What is needed = The answer must be an exact transcription of the lines below from the first through the one containing "It's important to", with the pictures left out; please add nothing else.

Dataset records =
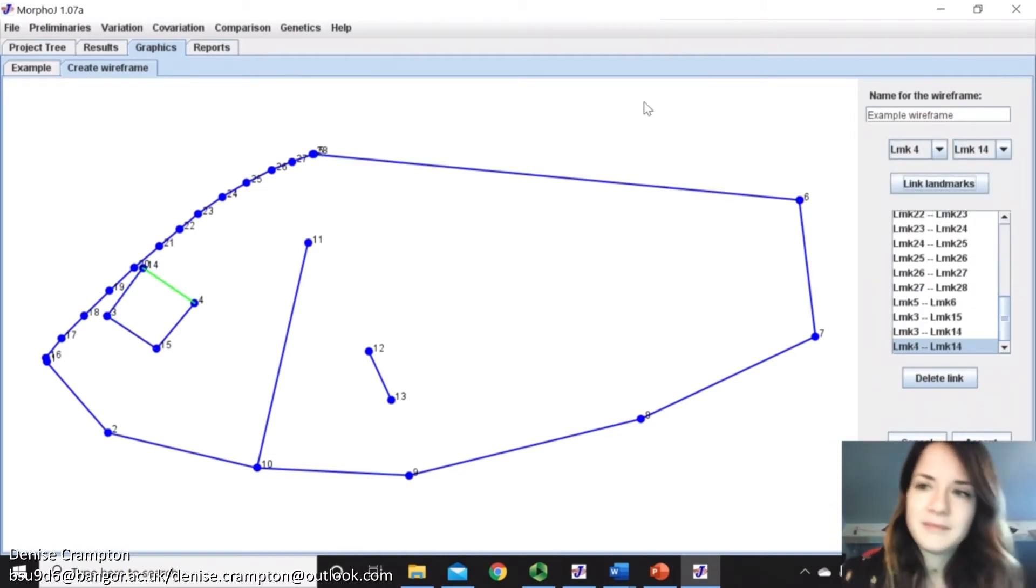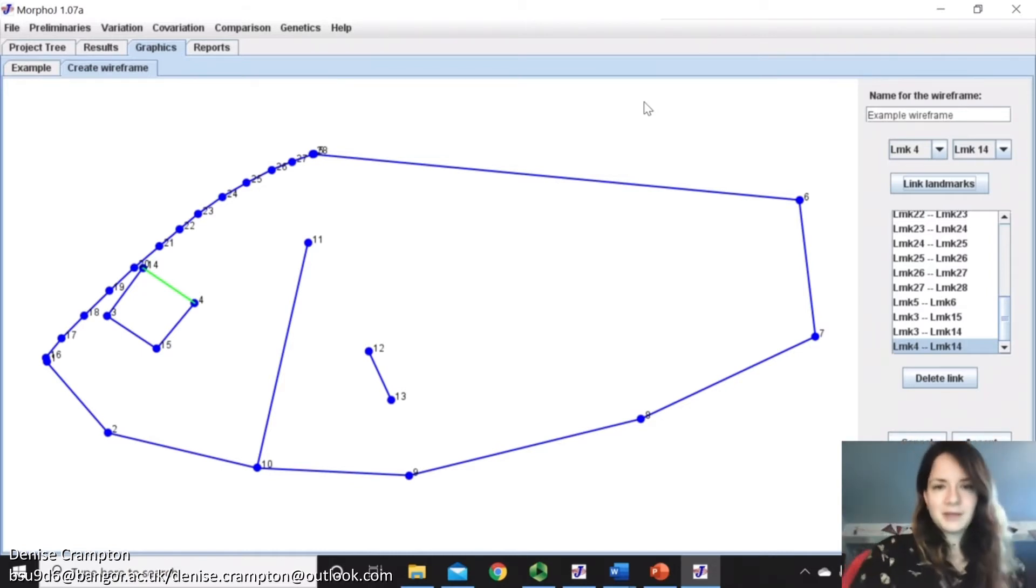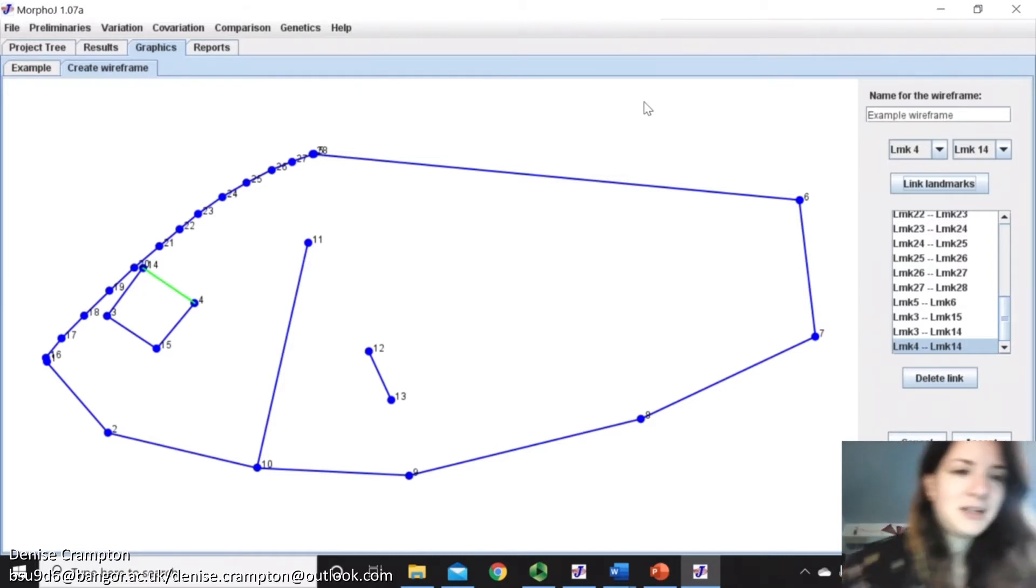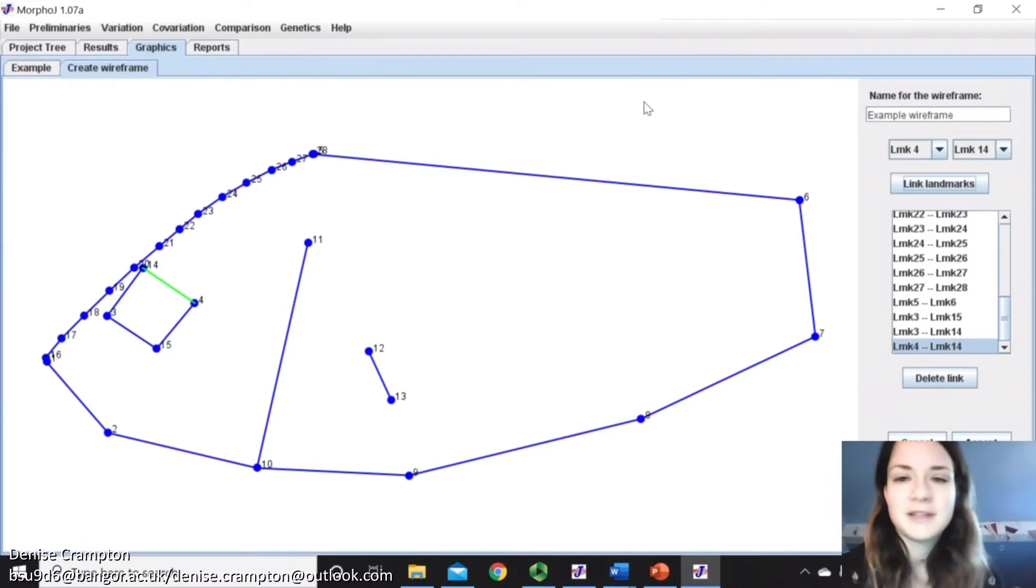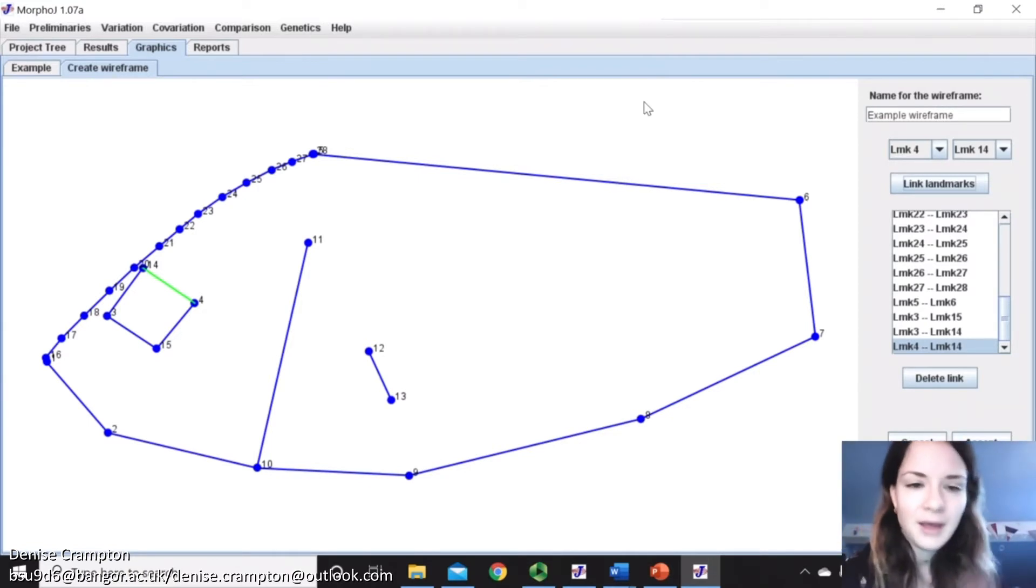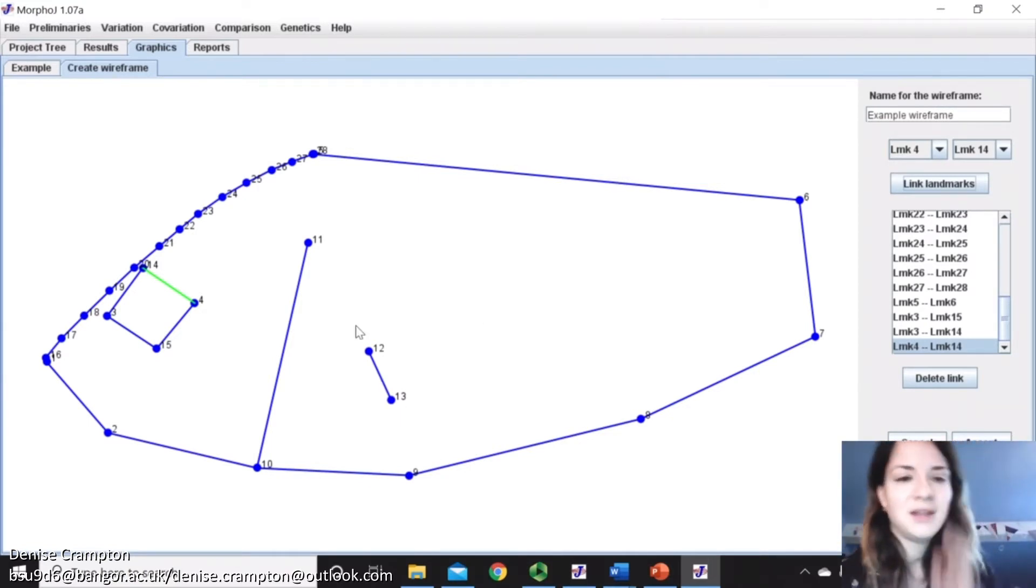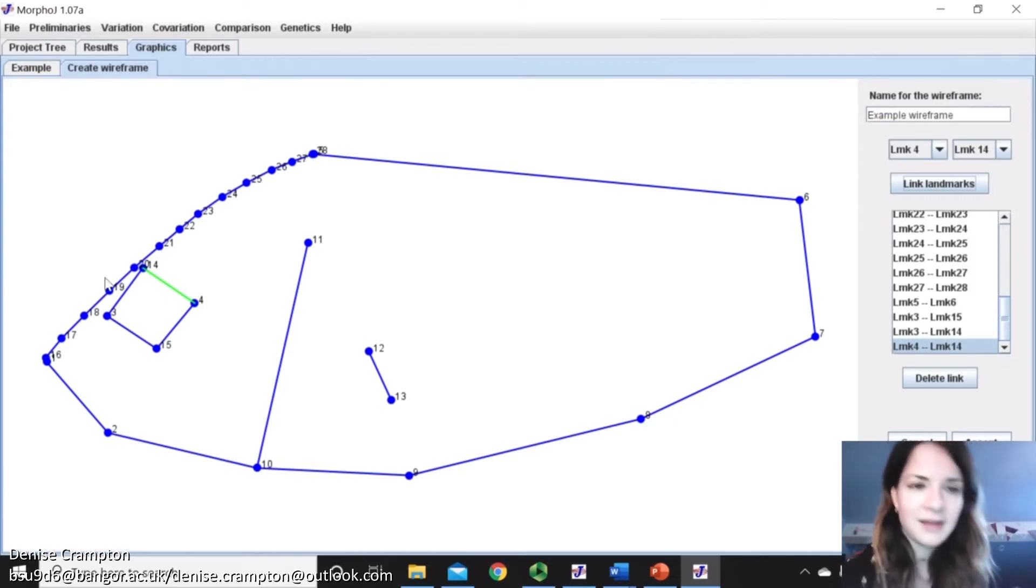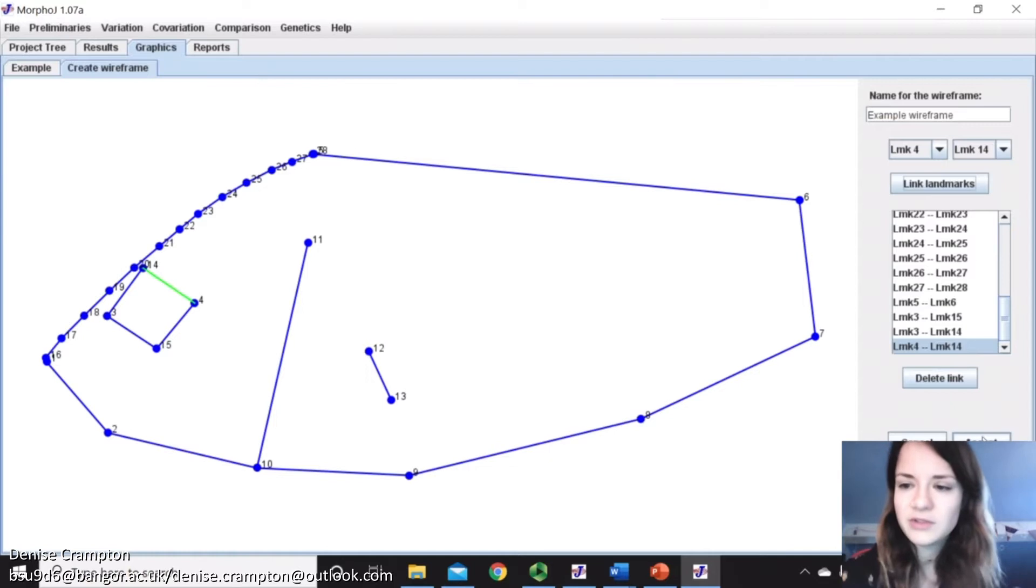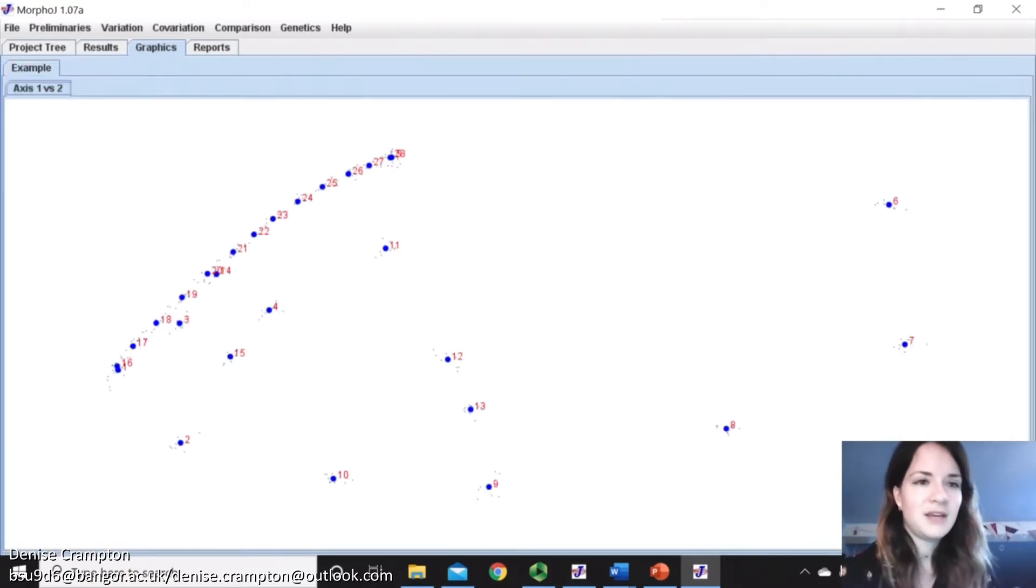So that's my wireframe template done. It can be quite a laborious task, but once you've done it, you only need to do it once. You can see I've represented the overall body shape. I've got the pectoral, the fin origin there, the operculum and the eye, which I think is a good way of visualizing it all. So you just click Accept and that is now saved.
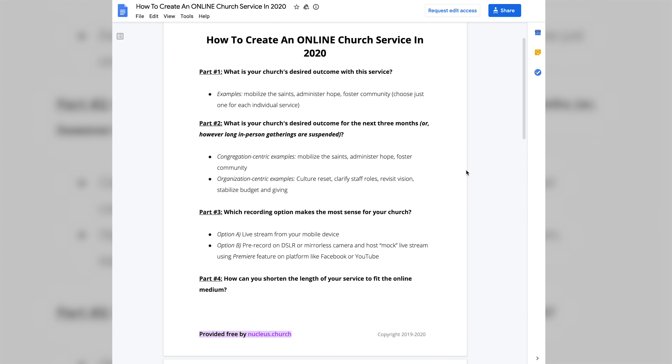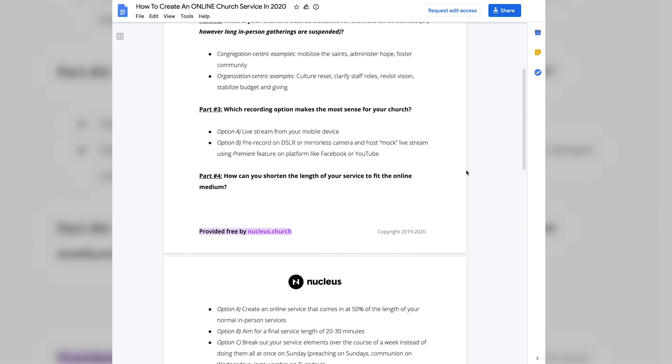Make sure to grab the Google Doc linked in the description below that walks you through the entire process for thoughtfully planning an online church service in 2020. If you take away anything from this video, just remember: now is the time to try something new. Now is the time to innovate because change is upon us whether you would have chosen it or not. You can resist that change, but it's like a wave in the ocean — it's just going to barrel over you either way. So ride the wave while you can, because it won't last forever, and use it as a positive force in your church.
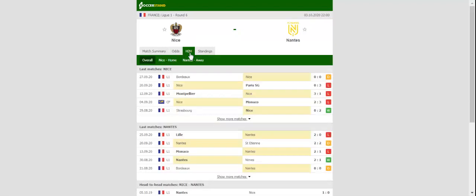Allianz Riviera will host Saturday's football match between Nice and Nantes. Les Aiglons kicked off the new Ligue 1 season in style with the team recording back-to-back wins over Lens and Strasbourg, but the team then suffered a dip in form.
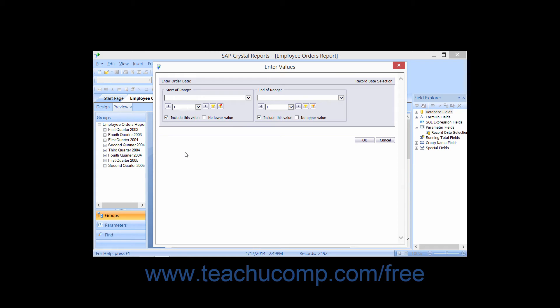It's important to note that the parameter value and the field you're comparing it against must share the same data type. For example, if you have a number parameter field, you cannot compare that value to a string field's value.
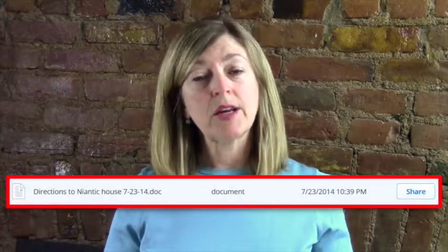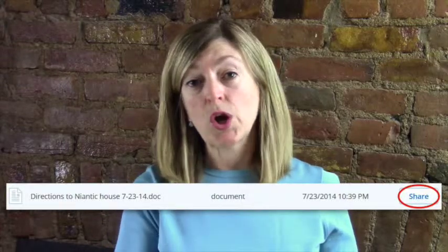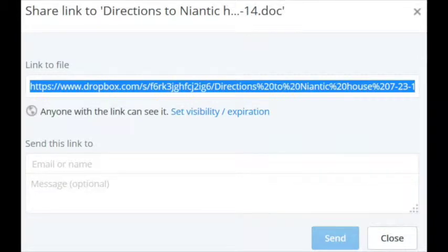Once you have items on Dropbox, you can access them but you also can share them. The way that you share them is you click on the given item and then click on the word Share, which is off to the far right. Once you've clicked on Share, a window will open up for you.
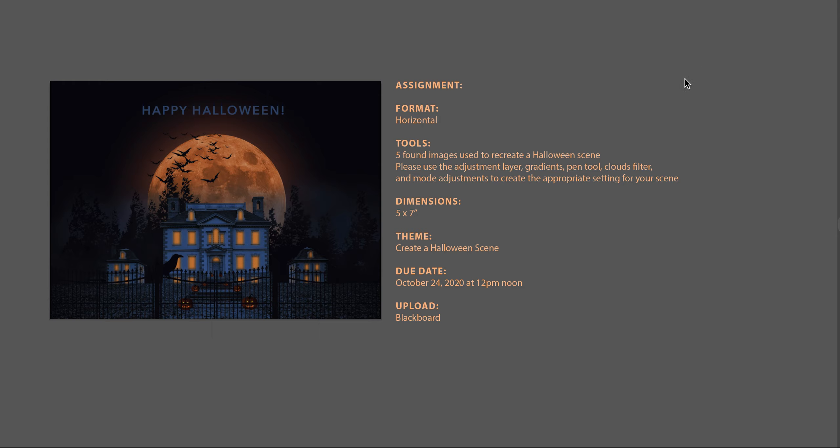Okay class, for your assignment let's take a look at the details. We're creating a horizontal format, a 5 by 7 postcard.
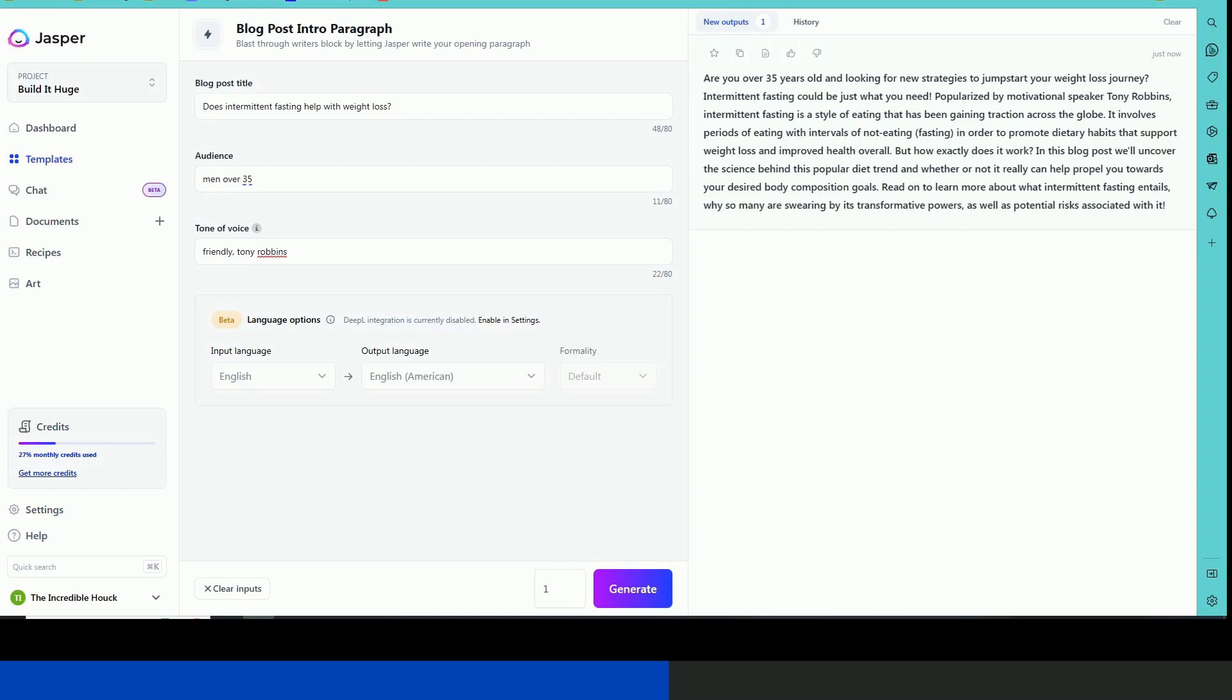Are you over 35 years old and looking for new strategies to jumpstart your weight loss journey? Intermittent fasting could be just what you need. Popularized by motivational speaker, Tony Robbins.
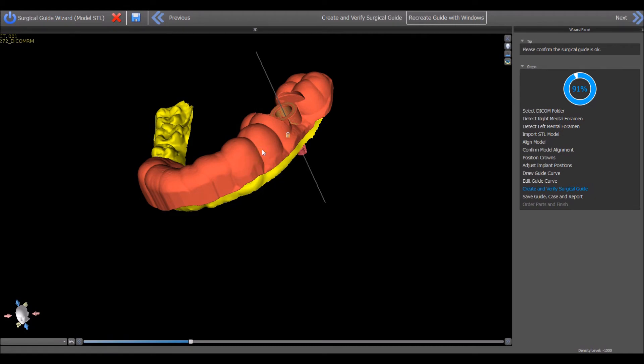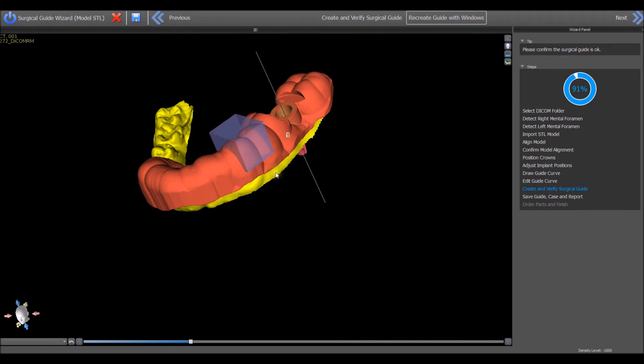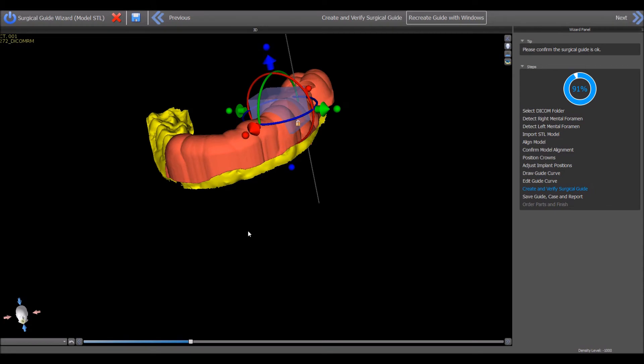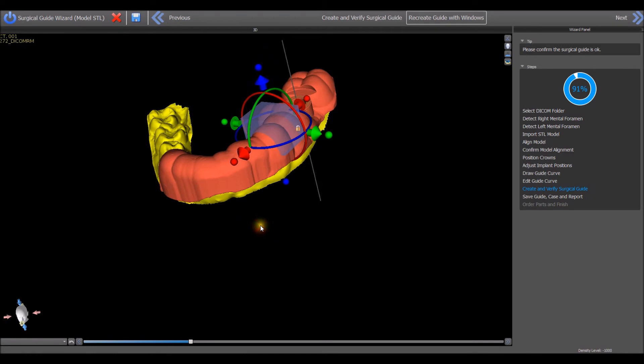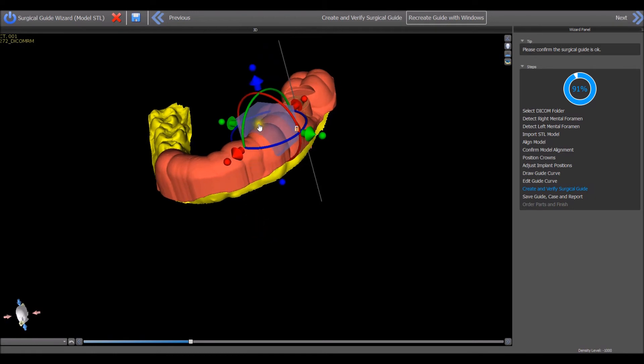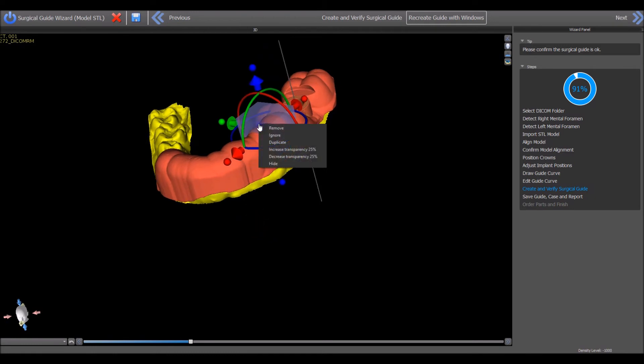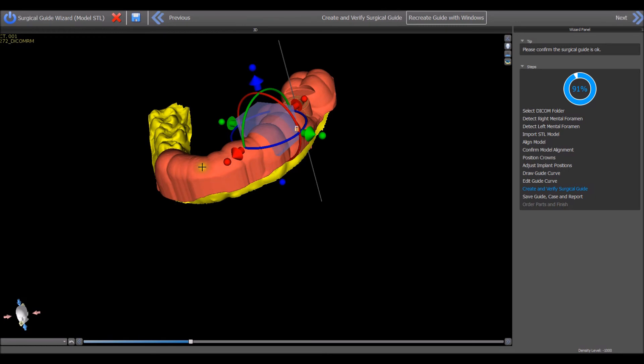Right clicking again in the location of the block will open the menu to add a window or show windows. A second window can be created by right clicking in a new location and choosing add window to place a new block, or right click on the existing block and choose duplicate and then left click in the location of the new window.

Finished task =
So that's my wireframe template done. It can be quite a laborious task, but once you've done it, you only need to do it once. You can see I've represented the overall body shape. I've got the pectoral, the fin origin there, the operculum and the eye, which I think is a good way of visualizing it all. So you just click Accept and that is now saved.
Make sure to grab the Google Doc linked in the description below that walks you through the entire process for thoughtfully planning an online church service in 2020. If you take away anything from this video, just remember: now is the time to try something new. Now is the time to innovate because change is upon us whether you would have chosen it or not. You can resist that change, but it's like a wave in the ocean — it's just going to barrel over you either way. So ride the wave while you can, because it won't last forever, and use it as a positive force in your church.
Allianz Riviera will host Saturday's football match between Nice and Nantes. Les Aiglons kicked off the new Ligue 1 season in style with the team recording back-to-back wins over Lens and Strasbourg, but the team then suffered a dip in form.
It's important to note that the parameter value and the field you're comparing it against must share the same data type. For example, if you have a number parameter field, you cannot compare that value to a string field's value.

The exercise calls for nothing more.